• Task directions
Below are records; please set down exactly the lines from the first through the one containing "Funidelia | Costume".

• The data
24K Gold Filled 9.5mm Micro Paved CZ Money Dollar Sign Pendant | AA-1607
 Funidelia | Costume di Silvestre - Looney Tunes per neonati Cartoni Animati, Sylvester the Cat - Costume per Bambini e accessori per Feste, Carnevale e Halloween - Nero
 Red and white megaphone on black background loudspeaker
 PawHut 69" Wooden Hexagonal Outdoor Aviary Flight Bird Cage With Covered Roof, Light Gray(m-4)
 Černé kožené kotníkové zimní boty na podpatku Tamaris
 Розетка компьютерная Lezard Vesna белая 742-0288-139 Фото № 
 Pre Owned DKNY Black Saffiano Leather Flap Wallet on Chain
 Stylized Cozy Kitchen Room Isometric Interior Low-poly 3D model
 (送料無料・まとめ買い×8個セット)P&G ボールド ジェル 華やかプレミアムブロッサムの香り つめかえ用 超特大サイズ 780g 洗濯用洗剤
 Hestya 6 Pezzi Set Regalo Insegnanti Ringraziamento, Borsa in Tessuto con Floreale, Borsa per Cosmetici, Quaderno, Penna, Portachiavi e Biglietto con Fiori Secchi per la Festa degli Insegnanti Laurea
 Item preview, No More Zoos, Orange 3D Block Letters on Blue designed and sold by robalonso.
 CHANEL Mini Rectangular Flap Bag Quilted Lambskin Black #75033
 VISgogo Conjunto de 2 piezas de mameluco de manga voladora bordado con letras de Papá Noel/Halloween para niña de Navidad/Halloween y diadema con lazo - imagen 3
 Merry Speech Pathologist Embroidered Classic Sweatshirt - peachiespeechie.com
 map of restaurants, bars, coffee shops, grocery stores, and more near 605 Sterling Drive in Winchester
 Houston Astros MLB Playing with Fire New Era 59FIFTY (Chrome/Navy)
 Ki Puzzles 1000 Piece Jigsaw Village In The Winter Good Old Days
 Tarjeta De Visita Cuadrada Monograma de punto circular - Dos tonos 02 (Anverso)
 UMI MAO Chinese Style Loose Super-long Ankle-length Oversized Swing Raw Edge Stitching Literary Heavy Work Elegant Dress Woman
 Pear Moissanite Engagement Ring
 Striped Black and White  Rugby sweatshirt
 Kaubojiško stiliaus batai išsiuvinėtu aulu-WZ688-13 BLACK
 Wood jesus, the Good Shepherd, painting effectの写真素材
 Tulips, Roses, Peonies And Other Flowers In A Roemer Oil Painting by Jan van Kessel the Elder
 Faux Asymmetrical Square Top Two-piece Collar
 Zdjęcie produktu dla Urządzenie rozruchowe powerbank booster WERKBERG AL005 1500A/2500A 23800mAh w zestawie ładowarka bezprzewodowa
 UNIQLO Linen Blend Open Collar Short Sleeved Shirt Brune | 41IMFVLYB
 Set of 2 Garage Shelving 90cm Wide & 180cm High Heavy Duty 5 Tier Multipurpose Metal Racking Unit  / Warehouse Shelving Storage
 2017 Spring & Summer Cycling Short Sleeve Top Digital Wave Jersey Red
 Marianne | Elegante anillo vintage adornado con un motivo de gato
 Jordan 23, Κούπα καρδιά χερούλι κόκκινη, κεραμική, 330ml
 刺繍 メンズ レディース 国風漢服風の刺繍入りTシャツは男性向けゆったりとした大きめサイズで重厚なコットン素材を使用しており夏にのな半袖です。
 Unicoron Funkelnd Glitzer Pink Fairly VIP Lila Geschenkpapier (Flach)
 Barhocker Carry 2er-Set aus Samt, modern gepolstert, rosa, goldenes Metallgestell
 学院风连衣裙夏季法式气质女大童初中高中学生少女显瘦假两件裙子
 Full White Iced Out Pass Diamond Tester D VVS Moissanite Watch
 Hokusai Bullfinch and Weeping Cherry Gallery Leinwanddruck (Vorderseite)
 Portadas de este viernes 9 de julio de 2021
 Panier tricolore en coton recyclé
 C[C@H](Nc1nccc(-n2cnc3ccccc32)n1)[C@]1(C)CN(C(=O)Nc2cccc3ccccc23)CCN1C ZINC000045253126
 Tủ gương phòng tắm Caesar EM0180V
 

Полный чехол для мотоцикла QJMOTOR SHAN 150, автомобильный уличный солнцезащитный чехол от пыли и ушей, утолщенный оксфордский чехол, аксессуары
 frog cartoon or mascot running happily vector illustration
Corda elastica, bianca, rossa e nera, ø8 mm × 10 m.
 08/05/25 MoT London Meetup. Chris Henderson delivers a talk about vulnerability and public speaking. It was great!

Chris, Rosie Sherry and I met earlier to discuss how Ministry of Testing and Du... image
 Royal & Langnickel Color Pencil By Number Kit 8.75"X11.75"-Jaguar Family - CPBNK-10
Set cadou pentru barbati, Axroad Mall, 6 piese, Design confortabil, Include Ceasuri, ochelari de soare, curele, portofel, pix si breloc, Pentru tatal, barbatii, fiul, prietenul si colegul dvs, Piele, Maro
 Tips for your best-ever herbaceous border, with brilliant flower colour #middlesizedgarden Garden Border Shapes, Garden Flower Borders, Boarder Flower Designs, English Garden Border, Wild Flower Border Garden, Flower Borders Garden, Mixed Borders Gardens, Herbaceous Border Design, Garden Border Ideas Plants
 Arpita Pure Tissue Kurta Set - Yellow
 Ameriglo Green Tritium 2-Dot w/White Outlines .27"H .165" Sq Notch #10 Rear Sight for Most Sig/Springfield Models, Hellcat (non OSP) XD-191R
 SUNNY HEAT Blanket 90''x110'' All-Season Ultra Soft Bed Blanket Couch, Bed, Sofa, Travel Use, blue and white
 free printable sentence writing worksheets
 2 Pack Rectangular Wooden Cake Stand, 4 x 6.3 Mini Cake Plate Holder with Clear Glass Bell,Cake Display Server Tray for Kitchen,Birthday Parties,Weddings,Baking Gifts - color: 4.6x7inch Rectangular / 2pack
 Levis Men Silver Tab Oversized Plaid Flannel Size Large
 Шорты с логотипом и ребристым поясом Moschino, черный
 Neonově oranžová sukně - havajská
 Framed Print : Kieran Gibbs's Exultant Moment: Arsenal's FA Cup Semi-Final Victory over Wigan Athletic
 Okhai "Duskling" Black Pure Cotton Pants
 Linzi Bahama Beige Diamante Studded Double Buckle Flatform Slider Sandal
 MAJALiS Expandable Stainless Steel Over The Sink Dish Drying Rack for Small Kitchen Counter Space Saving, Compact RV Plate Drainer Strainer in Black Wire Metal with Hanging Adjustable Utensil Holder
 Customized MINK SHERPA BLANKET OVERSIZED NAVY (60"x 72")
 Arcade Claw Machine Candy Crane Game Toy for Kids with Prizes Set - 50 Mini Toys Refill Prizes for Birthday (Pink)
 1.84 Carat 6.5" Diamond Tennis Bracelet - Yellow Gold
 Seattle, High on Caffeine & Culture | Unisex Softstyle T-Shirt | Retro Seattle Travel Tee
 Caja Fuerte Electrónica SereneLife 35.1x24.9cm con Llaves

• Task output
24K Gold Filled 9.5mm Micro Paved CZ Money Dollar Sign Pendant | AA-1607
 Funidelia | Costume di Silvestre - Looney Tunes per neonati Cartoni Animati, Sylvester the Cat - Costume per Bambini e accessori per Feste, Carnevale e Halloween - Nero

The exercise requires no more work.